79 S.W.2d 262, 190 Ark. 454, 1935 Ark. LEXIS 53
CourtSupreme Court of Arkansas
DecidedFebruary 25, 1935
Docket4-3729
StatusPublished
Cited by3 cases

This text of 79 S.W.2d 262 (Togo Gin Company v. Hite) is published on Counsel Stack Legal Research, covering Supreme Court of Arkansas primary law. Counsel Stack provides free access to over 12 million legal documents including statutes, case law, regulations, and constitutions.

Bluebook
Togo Gin Company v. Hite, 79 S.W.2d 262, 190 Ark. 454, 1935 Ark. LEXIS 53 (Ark. 1935).

Opinion

Butler, J.

The appeal prosecuted in this case involves the validity of the verdict and judgment for damages for personal injuries sustained by appellee while he was engaged in unchoking a gin stand. The appellant, Togo Gin Company, is engaged in ginning cotton, and the appellee was its superintendent and had been such for about two years before, his injury, which occurred on September 27, 1933, and operated the ginnery according to his own judgment without interference by the company. Appellee had authority to employ and discharge the laborers at the gin. He also had general authority to purchase whatever was necessary to the operation of the gin. The power to run the gin was furnished by a Buckeye oil engine, which was purchased by the gin company when the gin was erected in 1928. This engine had been in use about a year before the gin company acquired it, and had been through a fire which damaged and destroyed some of its accessories. It was worked over by the manufacturer and sold to the gin company, and has been used in the operation of the ginnery since its installation. The machinery is so arranged that the power can be withdrawn from the gin stands without stopping" the engine or removing the drive belts, which is done in the following way: on the drive shaft is a large wheel connected with the gin stands by a large belt. An instrument, called by the witnesses a “clutch” operated by lever, is so arranged that when it makes contact or engages with an appliance at the wheel the same is put in motion, thus conveying the power to the gin stands and causing the saws to revolve. By the use of the lever this clutch can be disengaged, and when this is done the machinery is “out of gear,” thus removing the power from the gin stands which cease to operate.

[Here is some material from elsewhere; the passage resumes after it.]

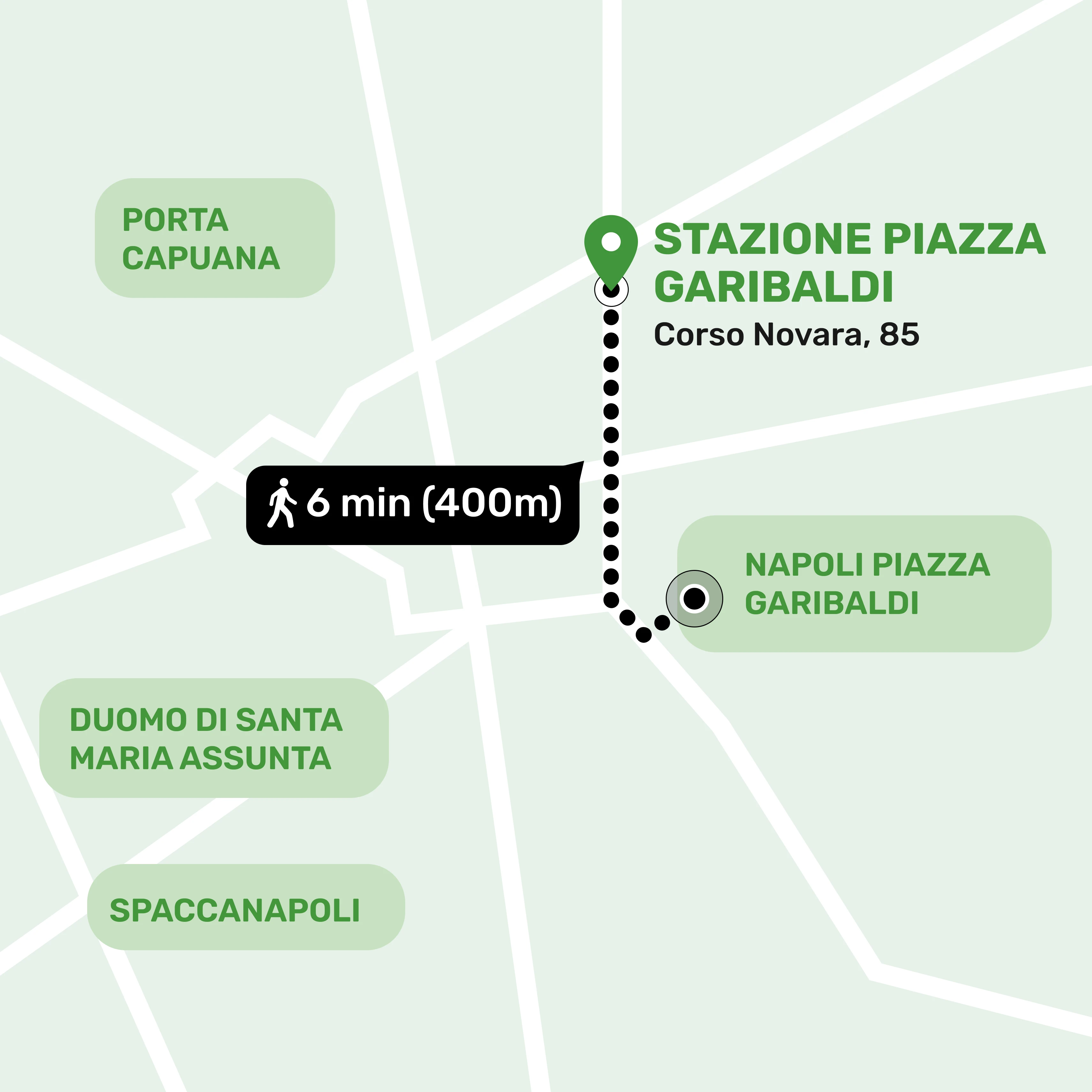 Mapa de Stazione Piazza Garibaldi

On the day of the accident a bale of wet cotton was being ginned and the gin stand became choked; that is to say, lint cotton became impacted between the ribs of the stand through which the gin saws extended which interfered with their operation. Appellee undertook to unchoke the gin stand by raising the breast of the gin, thus removing the saws from between the ribs and taking the load from them. From the gin stand he went into ilie engine room which was only a few feet away, and operated the lever which disengaged the clutch. He then went back to the gin stand and with his fingers began to remove the cotton which had clogged the ribs. While thus engaged the gin saws moved, badly cutting his fingers and forearm, and resulting in a severe and permanent injury.

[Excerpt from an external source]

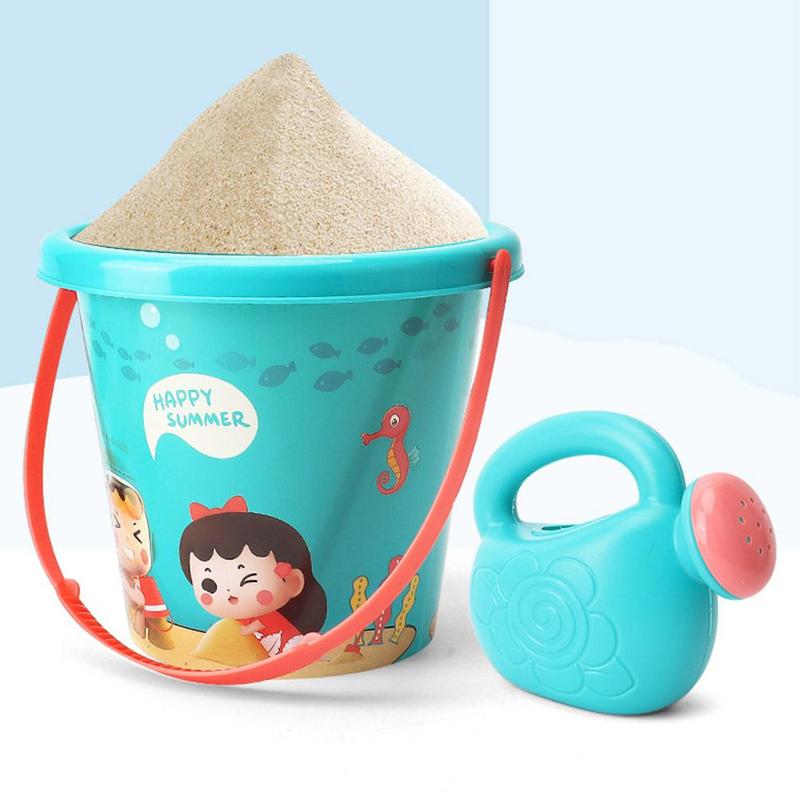 Product Introduction of 18Pcs/Set Travel Beach Toys Kids Beach Toys Set With Sand Rake Watering Can Bucket Shovels Rakes Models Play Tools 29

The appellee contends that, while he was at work unchoking the gin, the clutch, because of certain defects therein, became re-engaged throwing the machinery in gear and starting the gin saws to operate by which his hand was caught and mangled. With respect to the alleged defective condition of the clutch, after the close of .the cotton season of 1933-34, the evidence is in sharp conflict. A number of witnesses for the appellee testified to the effect that it was in a worn and defective condition, while others testified that it was not. There is no dispute in the evidence, however, that in the summer of 1933 the entire engine and its parts were gone over by an expert mechanic under the supervision of the appellee, and that at that time there were no defects in the clutch. Appellee testified that the machinery was not in operation until that September, and that the clutch became defective between the date of the beginning of the operation of the gin and the 27th of September. Much has been said in argument of counsel regarding the causes for the alleged defective condition of the clutch, but this is unimportant.

The appellee stated that the first time he became aware that the clutch was not properly functioning was about two weeks before his injury when he observed that when the gins were loaded the clutch would slip and not hold the machinery. He reported this condition to Mr. Fitzgerald Saturday night before his injury on Wednesday — told him the clutch was slipping and would not hold; that it needed new parts. Appellee stated that Mr. Fitzgerald replied “to go ahead” and that he (Mr. Fitzgerald) would have it fixed. Mr. Fitzgerald was one of the officers of the gin company, and would visit the gin. two or three times a week. He had never run a gin and was not a mechanic.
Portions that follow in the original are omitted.